Department of Haematology, School of Medicine, Cardiff University, Cardiff, UK.
Leuk Res. 2011 May;35(5):677-81. doi: 10.1016/j.leukres.2010.10.030. Epub 2010 Dec 9.
Aminopeptidase enzyme inhibition is thought to deplete the free intracellular amino acids needed by malignant cells for growth and development, resulting in profound anti-proliferative and apoptotic effects. In this study, we investigated the effects of the metalloenzyme-inhibitor CHR-2797 (tosedostat), in primary acute myeloid leukemia (AML) cells. CHR-2797 demonstrated marked in vitro cytotoxicity in AML samples and strong synergy with Cytarabine (Ara-C), but significantly less cytotoxicity to normal marrow progenitors. Furthermore mechanistic investigations revealed that CHR-2797 inhibited the intrinsic nuclear, cytoplasmic and cell surface aminopeptidase function of AML blasts in a dose-dependent manner, demonstrating a promising novel approach for AML therapy.

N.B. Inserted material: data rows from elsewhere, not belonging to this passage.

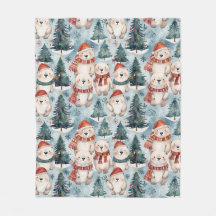 Cobertor de Fleece de Ursos Polares de Inverno | C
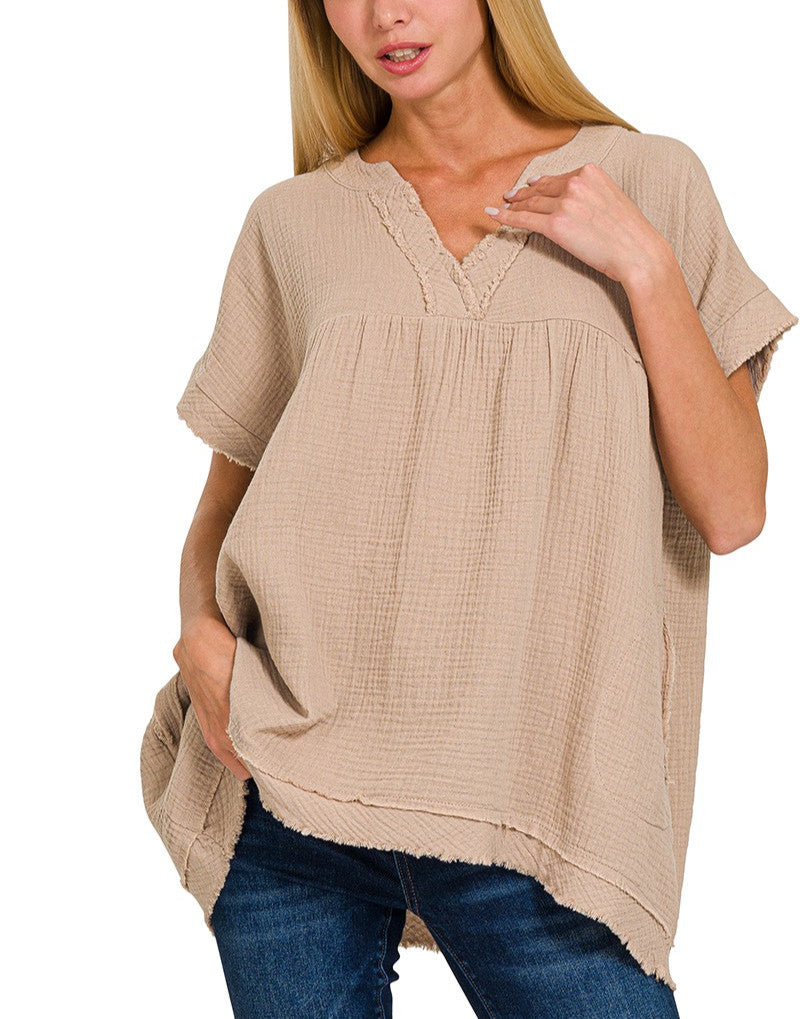 Zenana Double Gauze Short Sleeve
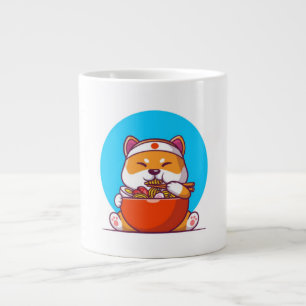 Schattige Shiba Inu die Ramen Noodle Cartoon eet Extra Grote Beker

酶抑制剂氨肽酶被认为可以耗尽恶性细胞生长和发育所需的游离细胞内氨基酸,从而产生深远的抗增殖和凋亡作用。在这项研究中,我们研究了金属酶抑制剂 CHR-2797(托塞他定)在原发性急性髓细胞白血病(AML)细胞中的作用。CHR-2797 在 AML 样本中表现出明显的体外细胞毒性,并与阿糖胞苷(Ara-C)具有很强的协同作用,但对正常骨髓祖细胞的细胞毒性要小得多。此外,机制研究表明,CHR-2797 以剂量依赖性方式抑制 AML 白血病细胞的固有核、细胞质和细胞表面氨肽酶功能,为 AML 治疗提供了一种有前途的新方法。